# #UberMOMENTUM | Uber drivers to get cheaper gas with new fuel cards



## chi1cabby (May 28, 2014)

http://mashable.com/2015/06/09/uber...ial&utm_medium=twitter&utm_source=twitterfeed


----------



## UberRidiculous (May 19, 2015)

I have a better idea... Raise the Fares!


----------



## chi1cabby (May 28, 2014)

_"The company said Tuesday that it is offering its Partner Fuel Card nationwide to drivers who perform more than 200 rides a month. 
Drivers who use the card at Exxon or Mobile gas stations can potentially save up to $0.15 per gallon on a maximum of $200 spent each week, based on where they refuel. They can also use the card at non-Exxon or Mobile gas stations and save at least 1.5% off each transaction, so long as that service station takes MasterCard."_

Let's assume that qualifying Drivers buy average of 100 gallons per month. *That's an avg. savings of $4.50 - $15 per month.*

And oh btw, at least in Chicago, Exxon-Mobil stations are at least ¢10/gallon more expensive than even other branded gas stations.

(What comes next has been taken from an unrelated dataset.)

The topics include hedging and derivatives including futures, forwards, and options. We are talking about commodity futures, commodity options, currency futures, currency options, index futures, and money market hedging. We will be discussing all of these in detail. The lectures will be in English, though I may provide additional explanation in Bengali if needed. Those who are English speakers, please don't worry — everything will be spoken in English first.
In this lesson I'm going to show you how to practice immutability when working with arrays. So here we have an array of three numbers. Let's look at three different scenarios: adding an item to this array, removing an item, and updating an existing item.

David Richter, Uber SVP for Strategic Initiatives is in charge of #UberMOMENTUM Rewards. Please let him know what you think. (@davidrichter): https://twitter.com/davidrichter?s=09


----------



## Nick tardy (May 13, 2015)

Exxon is way over priced. Work something out with QT and we'll be talkin


----------



## Backdash (Jan 28, 2015)

I don't about the rest of the country but by me paying with a card is at least a dime higher per gallon than cash.


----------



## UberRidiculous (May 19, 2015)

chi1cabby said:


> Let's assume that qualifying Drivers buy average of 100 gallons per month. *That's an avg. savings of $4.50 - $15 per month.*
> 
> And oh btw, at least in Chicago, Exxon-Mobil stations are at least ¢10/gallon more expensive than even other branded gas stations.
> 
> David Richter, Uber SVP for Strategic Initiatives is in charge of #UberMOMENTUM Rewards. Please let him know what you think. (@davidrichter): https://twitter.com/davidrichter?s=09


WHOA! I THINK YOU'RE ONTO SOMETHING! BUT that guy only has 1500 followers. Travis Buddy has 83,000 followers. Let's tweet to Travis to RAISE the Fares!


----------



## Nick tardy (May 13, 2015)

Backdash said:


> I don't about the rest of the country but by me paying with a card is at least a dime higher per gallon than cash.

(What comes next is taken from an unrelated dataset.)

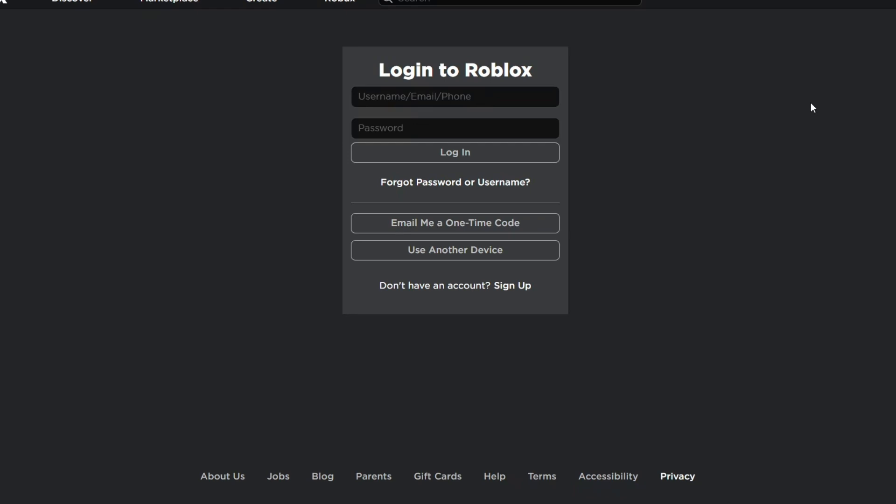Now you could enter your username or your password if you remember your account. But in this video we are going to recover our old account, so we're gonna click forgot password or username.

In Phoenix is the same price 99.9% of the time, BUT Exxon is more expensive than other places. So yes I get ".10 off" which would put me at the same price..... Or continue chopping at Frys and get up to a $1/gallon off average priced gas


----------



## chi1cabby (May 28, 2014)

UberRidiculous said:


> WHOA! I THINK YOU'RE ONTO SOMETHING! BUT that guy only has 1500 followers. Travis Buddy has 83,000 followers. Let's tweet to Travis to RAISE the Fares!


I'd interacted with travisk multiple times on Twitter.









But he'd had enough of my truth telling that he finally blocked me earlier this year.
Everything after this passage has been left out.